Flux lab research gets KTH boost

A Nordic solar flux laboratory at the KTH Royal Institute of Technology in Sweden now offers CSP developers greater flexibility in carrying out new research.

An image of KTH Royal Institute of Technology's new solar flux laboratory. Image courtesy of KTH.

By Jason Deign

CSP research and development activities have been given a boost with the opening of a new indoor solar laboratory for high-flux research.

The lab, at the Heat and Power Technology department of the KTH Royal Institute of Technology in Stockholm, Sweden, is being inaugurated on 27 February 2015 for researchers pursuing projects in solar concentration technologies such as CSP and concentrated PV.

The core of the facility, the first of its kind in the Nordics, is an array of twelve 7kW Xenon-arc searchlight lamps with Fresnel lens concentrators that deliver 20kW on a 20cm-diameter target 1.5 metres away, with a peak light flux of 6.7MW per square metre.

The setup imitates a parabolic dish flux and can reach temperatures that top 2,000ºC. “High-flux components form the central element of high-efficiency solar power plants and are often the life-limiting component in these facilities,” points out KTH on its web site.

The opening of the lab represents a valuable addition to Europe’s existing solar flux research centres, which include facilities at the German Aerospace Center (Deutsches Zentrum für Luft- und Raumfahrt or DLR) and the Paul Scherrer Institut in Switzerland.

“There are similar and even larger facilities in research institutes, and there are universities doing this kind of research,” said Björn Laumert, associate professor at the KTH Division of Heat and Power Technology. “But there is some uniqueness to this facility.”

For example, the KTH array does not use parabolic back mirrors to concentrate the light.

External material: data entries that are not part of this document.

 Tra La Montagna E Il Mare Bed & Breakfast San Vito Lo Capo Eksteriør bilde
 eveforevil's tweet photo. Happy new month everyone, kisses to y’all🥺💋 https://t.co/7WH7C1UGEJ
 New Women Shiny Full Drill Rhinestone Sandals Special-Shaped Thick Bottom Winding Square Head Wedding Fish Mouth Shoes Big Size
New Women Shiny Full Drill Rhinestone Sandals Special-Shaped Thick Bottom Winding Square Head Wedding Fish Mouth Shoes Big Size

Instead, “we came up with the idea of using lenses instead of mirrors,” Laumert said. “A PhD student came up with the idea.”

The design makes it possible for KTH to use relatively low-cost searchlights, of a kind used on Chinese marine carriers, without compromising on the quality of the results. Also, the use of lenses should make it easier to simulate trough setups, simply by changing the lens design.

Three projects

Furthermore, while Laumert recognises the light will not accurately mimic standardised light sources for PV, researchers in the lab will be able to apply filters to the lamps to study certain wavelengths. The facility has already been slated for use in three projects relating to CSP.

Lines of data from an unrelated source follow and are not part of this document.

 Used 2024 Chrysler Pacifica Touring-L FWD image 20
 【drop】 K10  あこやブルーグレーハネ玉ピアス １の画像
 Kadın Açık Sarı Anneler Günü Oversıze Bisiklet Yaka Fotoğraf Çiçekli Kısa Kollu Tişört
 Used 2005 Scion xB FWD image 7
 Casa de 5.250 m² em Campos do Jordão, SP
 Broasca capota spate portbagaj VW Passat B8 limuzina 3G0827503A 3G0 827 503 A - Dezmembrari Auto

The first is an Optimised Microturbine Solar Power or ‘OMSoP’ system project co-funded by the European Union’s seventh framework programme for research and development, which aims to develop CSP systems of up to 10kW coupled to micro-gas turbines for electricity generation.

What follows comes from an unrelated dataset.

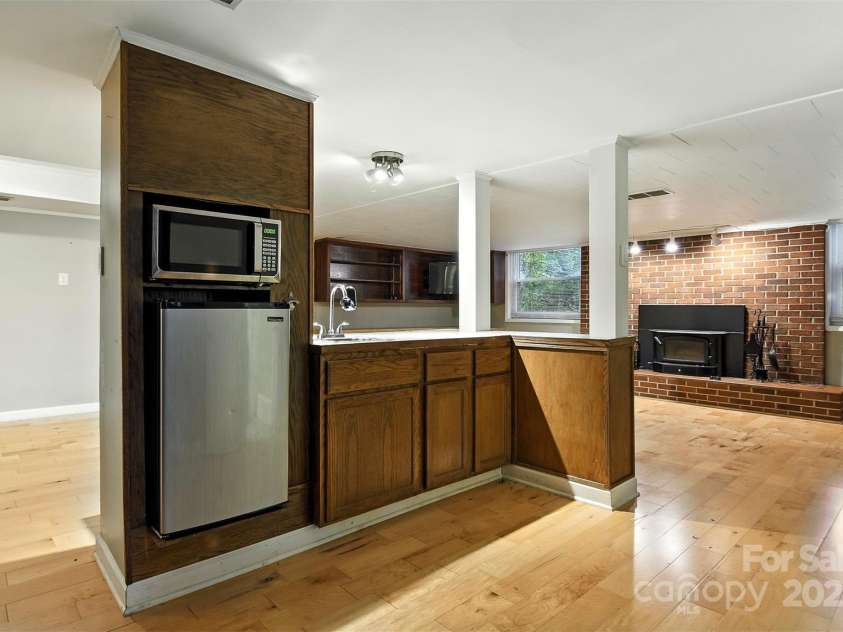 132 30th Avenue, Hickory, NC 28601.  MLS# CAR4288465, YatesRealty ID 845. 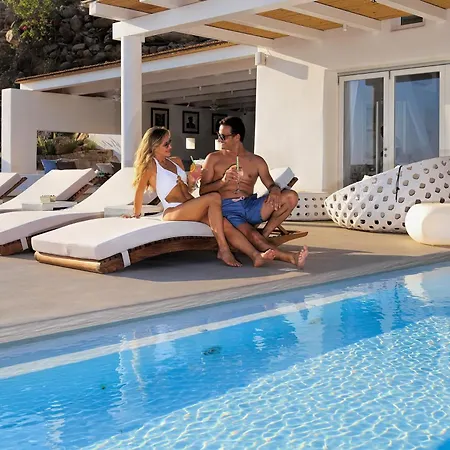  Vogue Mykonos *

Within this, the KTH lab will be used for dish designs. Secondly, KTH is working with the Swedish dish Stirling developer Cleanergy, which last year was making moves to enter the Middle Eastern market.

KTH is helping the company develop new, more efficient and cost-effective receivers. Finally, a third project, under the aegis of a Swedish national turbo-power research programme, will look at how to regulate solar flux and fuel in a hybrid gas and CSP plant.

However, the lab is open to other customers. For direct research agreements, Laumert said KTH, as a university, can offer cost advantages compared to traditional research institutes.

“We maybe do not need to incorporate fixed costs in a similar way as research institutes need to,” said Laumert. “We have fixed costs, and we need to handle them, but they are not in the same range as other institutes.

“Now the lab is in place, there are no costs apart from the running and component costs. Also we can work with PhD students and we have a lot of PhD students that we can use in this process. And of course you can get access to Master students.”

Research support

Effectively, Laumert points out, KTH can provide research support ranging from Master level up to full programme development. This gives developers a wide range of support options to choose from, from small focused projects up to large programmes.

Another way developers can take advantage of the lab is by working with funding bodies. KTH already works with the Swedish solar research programme and is applying for projects at the Nordic regional level.

For these, “I think we are an attractive partner because we are a very strong university,” Laumert said.

All this adds up to greater choice and flexibility for solar, and particularly CSP, research. In particular, facilities such as the KTH lab could make it easier to carry out smaller projects that can lead to incremental improvements.

The presence of such labs is critical to ongoing research into new CSP technologies, said Ilaria Besozzi, head of business development with the Swiss technology developer Airlight Energy.

“High flux solar simulators provide an non-intermittent, on-demand source of concentrated solar radiation,” she stated.

“For example, Airlight Energy collaborates with the Professorship of Renewable Energy Carriers at the Swiss Federal Institute of Technology Zurich, that has developed its own solar flux simulator. This instrument can reach a concentration factor of up to 10,000 suns.”